By CRICKET360 STAFF
President of Cricket West Indies (CWI) Ricky Skerritt speaking at the Sir Frank Worrell Memorial Virtual Lecture organised by UWI St. Augustine has made a call for all to put petty cricket politics and insularity to bed in order to drive the growth of West Indies cricket.
With the popular lecture series taking the virtual format this year Skerritt gave an account of West Indies cricket over the past 20 years and said that it’s a situation now where the West Indian cricket community needs to think big and differently.
“Great things can be achieved when the West Indian cricket community strives to think big and think differently, to collaborate and innovate together, and to put insularity and petty cricket politics to bed. Cricket still has a golden chance to drive transformative growth and secure its sustainable long-term future in our West Indian culture for several more decades to come. West Indians are a resilient people.
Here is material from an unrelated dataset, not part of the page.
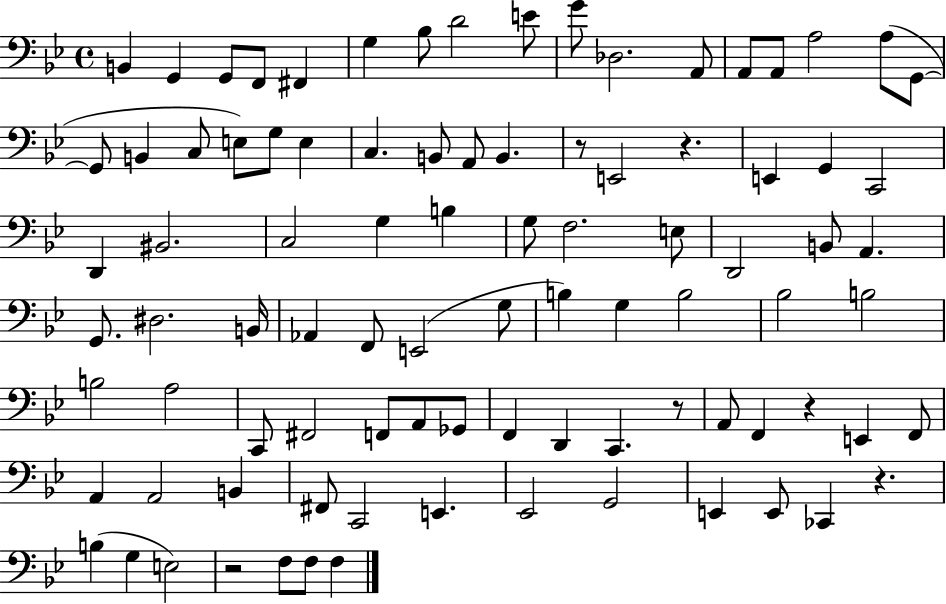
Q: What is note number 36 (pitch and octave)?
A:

Sir Frank Worrell showed us how to face up to adversity and in honour of his memory, let us pledge tonight to continue to rally around the West Indies.
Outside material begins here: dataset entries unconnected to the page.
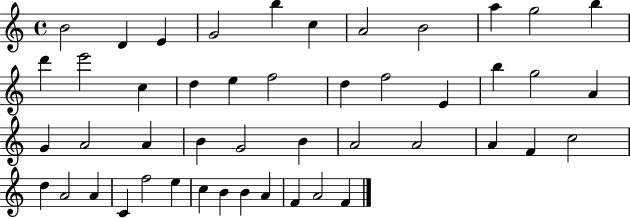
{
  \clef treble
  \time 4/4
  \defaultTimeSignature
  \key c \major
  b'2 d'4 e'4 | g'2 b''4 c''4 | a'2 b'2 | a''4 g''2 b''4 | \break d'''4 e'''2 c''4 | d''4 e''4 f''2 | d''4 f''2 e'4 | b''4 g''2 a'4 | \break g'4 a'2 a'4 | b'4 g'2 b'4 | a'2 a'2 | a'4 f'4 c''2 | \break d''4 a'2 a'4 | c'4 f''2 e''4 | c''4 b'4 b'4 a'4 | f'4 a'2 f'4 | \break \bar "|."
}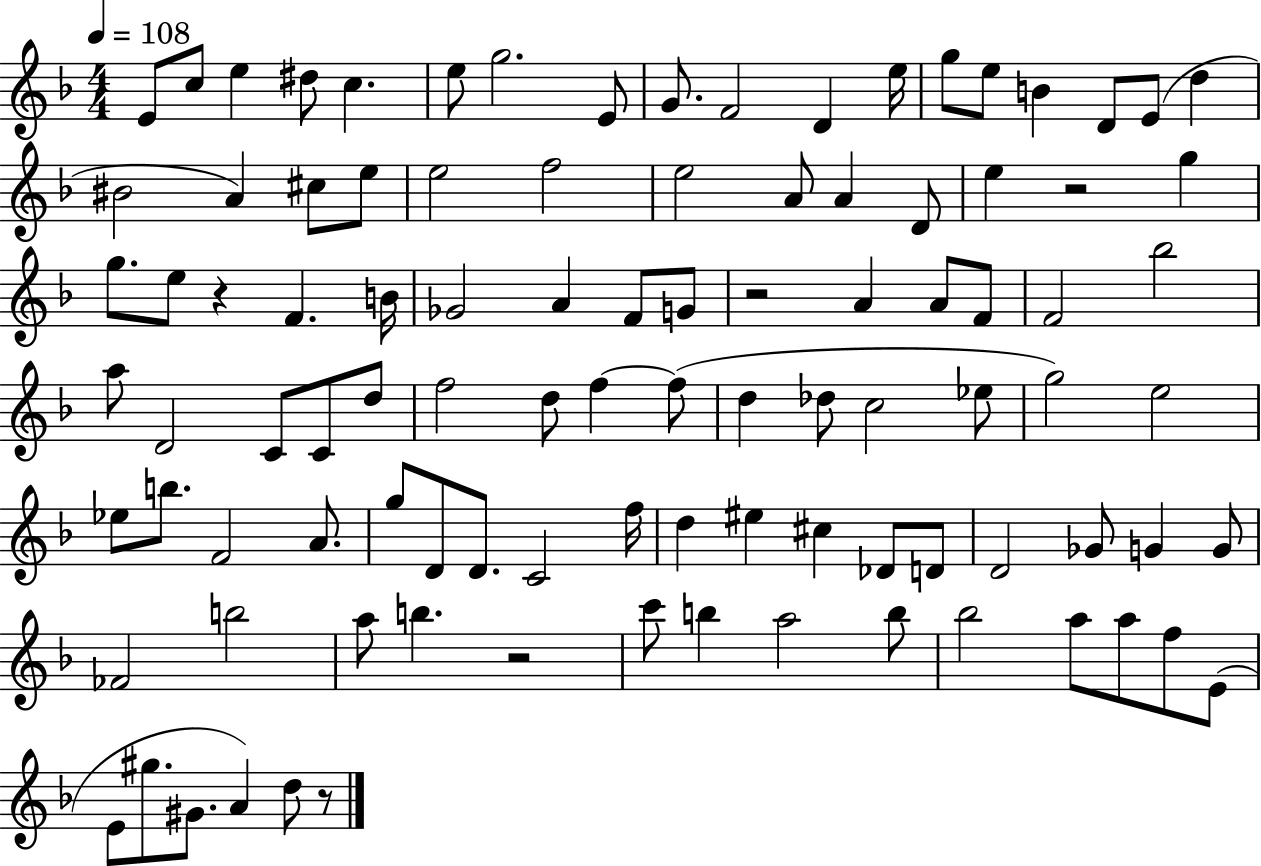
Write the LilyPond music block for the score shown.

{
  \clef treble
  \numericTimeSignature
  \time 4/4
  \key f \major
  \tempo 4 = 108
  \repeat volta 2 { e'8 c''8 e''4 dis''8 c''4. | e''8 g''2. e'8 | g'8. f'2 d'4 e''16 | g''8 e''8 b'4 d'8 e'8( d''4 | \break bis'2 a'4) cis''8 e''8 | e''2 f''2 | e''2 a'8 a'4 d'8 | e''4 r2 g''4 | \break g''8. e''8 r4 f'4. b'16 | ges'2 a'4 f'8 g'8 | r2 a'4 a'8 f'8 | f'2 bes''2 | \break a''8 d'2 c'8 c'8 d''8 | f''2 d''8 f''4~~ f''8( | d''4 des''8 c''2 ees''8 | g''2) e''2 | \break ees''8 b''8. f'2 a'8. | g''8 d'8 d'8. c'2 f''16 | d''4 eis''4 cis''4 des'8 d'8 | d'2 ges'8 g'4 g'8 | \break fes'2 b''2 | a''8 b''4. r2 | c'''8 b''4 a''2 b''8 | bes''2 a''8 a''8 f''8 e'8( | \break e'8 gis''8. gis'8. a'4) d''8 r8 | } \bar "|."
}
“At CWI, I believe we have stopped the knee-jerking and reactionary fiddling at the wheel, and instead are now inspiring and demanding data-based and more collective decision-making from our executives. We are no longer afraid to be focused on medium and long-term results. Rooted in a mindset that is both technological and 20 entrepreneurial, we are revising our roadmap to help cricket forge into the future, confident that we can emerge from the current COVID-19 pandemic in the strongest possible shape.
“Sadly, Sir Frank would also note that West Indian cricket on-field success does not come quite as frequently as it did when he was captain. He would see that regional cricket administrators have been grappling for the past 20 years or so with declining and inconsistent team performances, in all three formats of the game. Having won most of the Test Matches in which he captained, Sir Frank would be disappointed to find that of the 194 Test matches played by West Indies in the past twenty years alone, we have lost 104 and won only 41, or 21%. In the same period we have won only 32% of the 434 ODI’s, and 45% of the 124 T20 Internationals we have played at home and abroad.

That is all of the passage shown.